/---

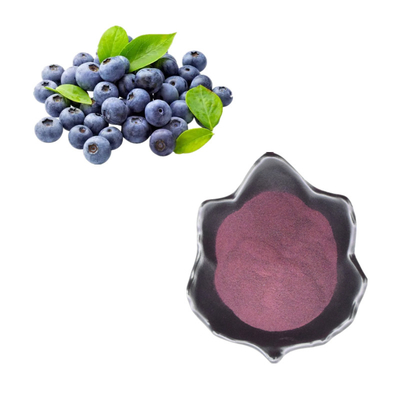Bột chiết xuất việt quất tự nhiên / Anthocyanin việt quất
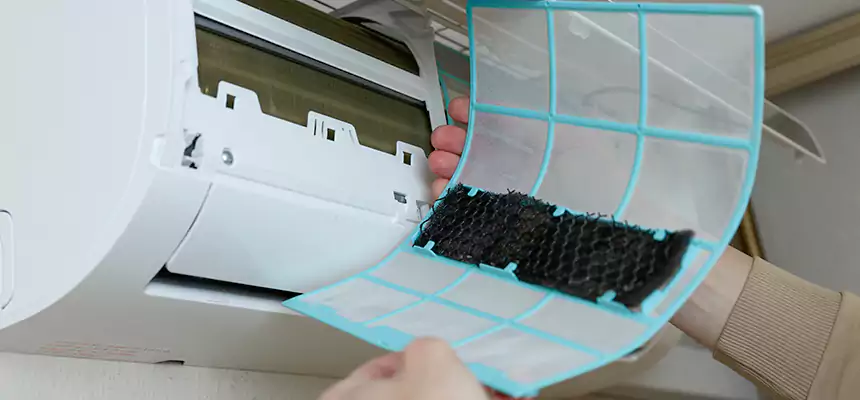 Gentle Ductwork Odor-Control Pet Dander Duct Cleaning in North Salt Lake, UT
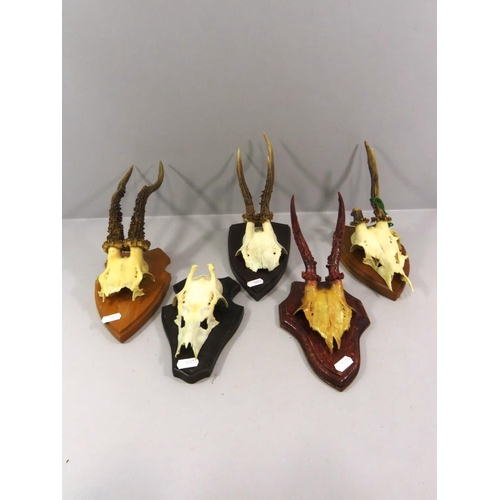 201 - FIVE ROEBUCK ANTLERS/HORNS MOUNTED ON PLAQUES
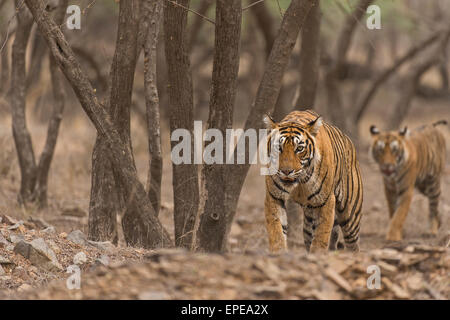 Wild tigre de l'Inde mère et sa marche dans la cub juvénile sec et chaud de forêts boisées de Ranthambore Banque D'Images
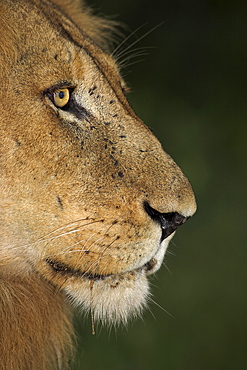 Lion (Panthera leo), Kruger National Park, South Africa, Africa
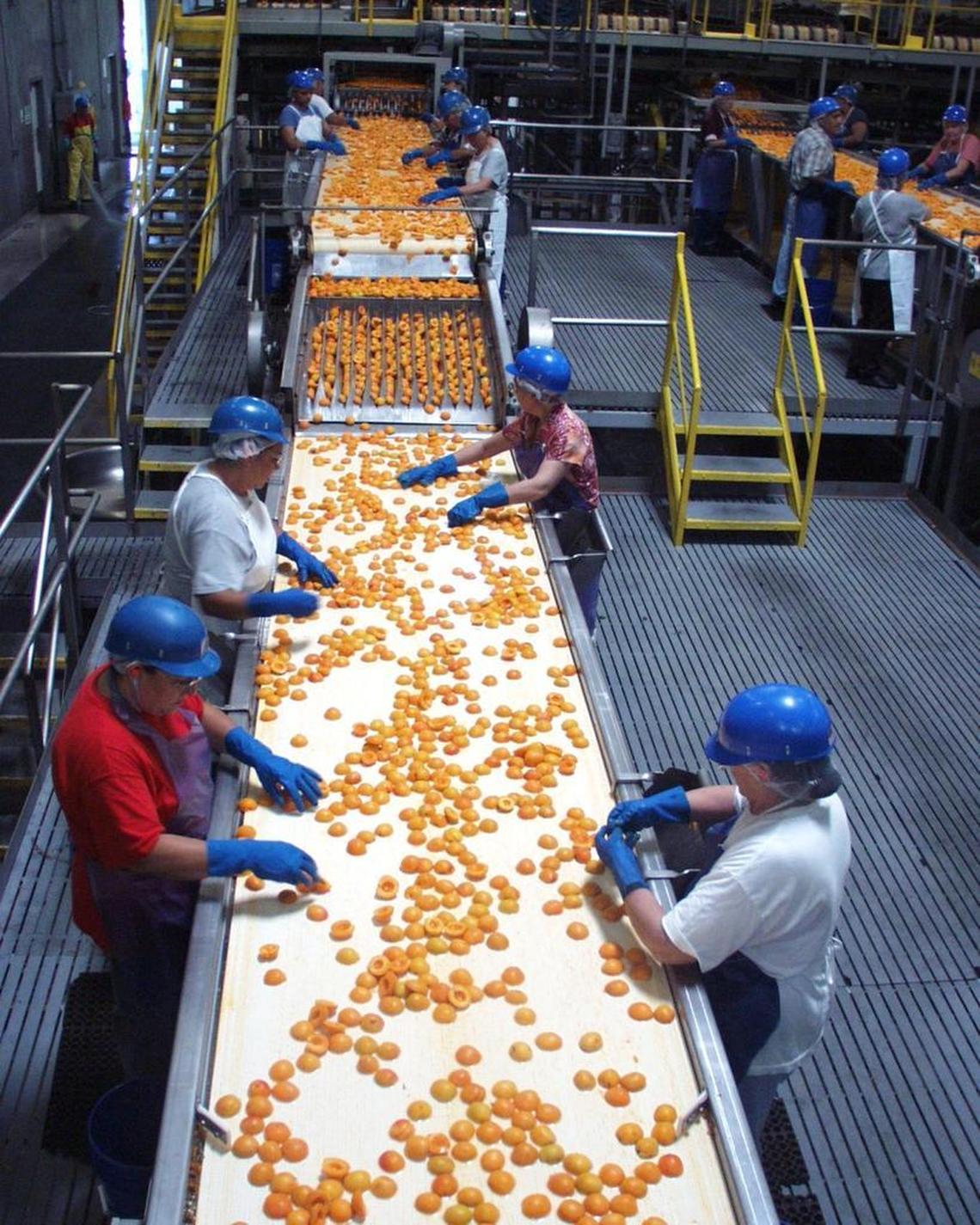 Workers sort apricots at the Del Monte Foods cannery in Modesto, California, in 2009.
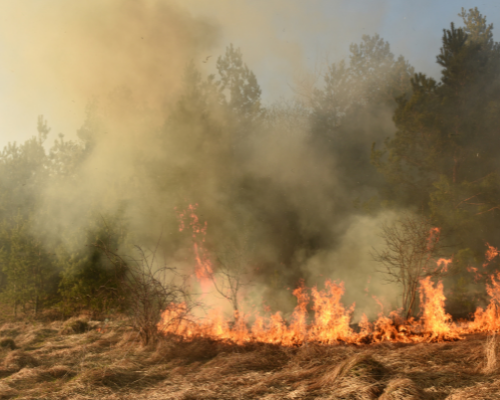 incendio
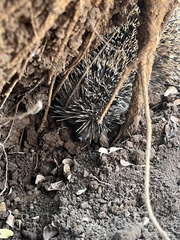 Atelerix albiventris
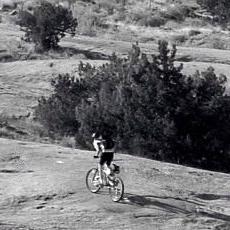 A person riding a mountain bike on a rocky trail with shrubs and trees in the background, captured in black and white. Slickrock mountain bike trail.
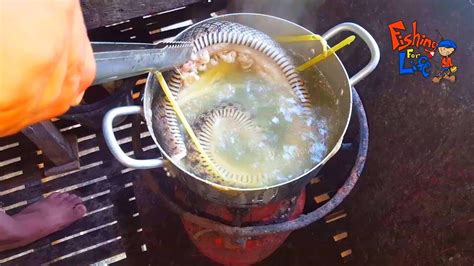 Yummy Cooking Egg Snake Soup Recipe for Dinner, khmer traditional food ...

\---

## Task to complete
Find the line containing "Lion (Panthera leo), Kruger" in the records above, then copy it and every line after it exactly, through the last one, without any pictures.

## Expected answer
 Lion (Panthera leo), Kruger National Park, South Africa, Africa
 Workers sort apricots at the Del Monte Foods cannery in Modesto, California, in 2009.
 incendio
 Atelerix albiventris
 A person riding a mountain bike on a rocky trail with shrubs and trees in the background, captured in black and white. Slickrock mountain bike trail.
 Yummy Cooking Egg Snake Soup Recipe for Dinner, khmer traditional food ...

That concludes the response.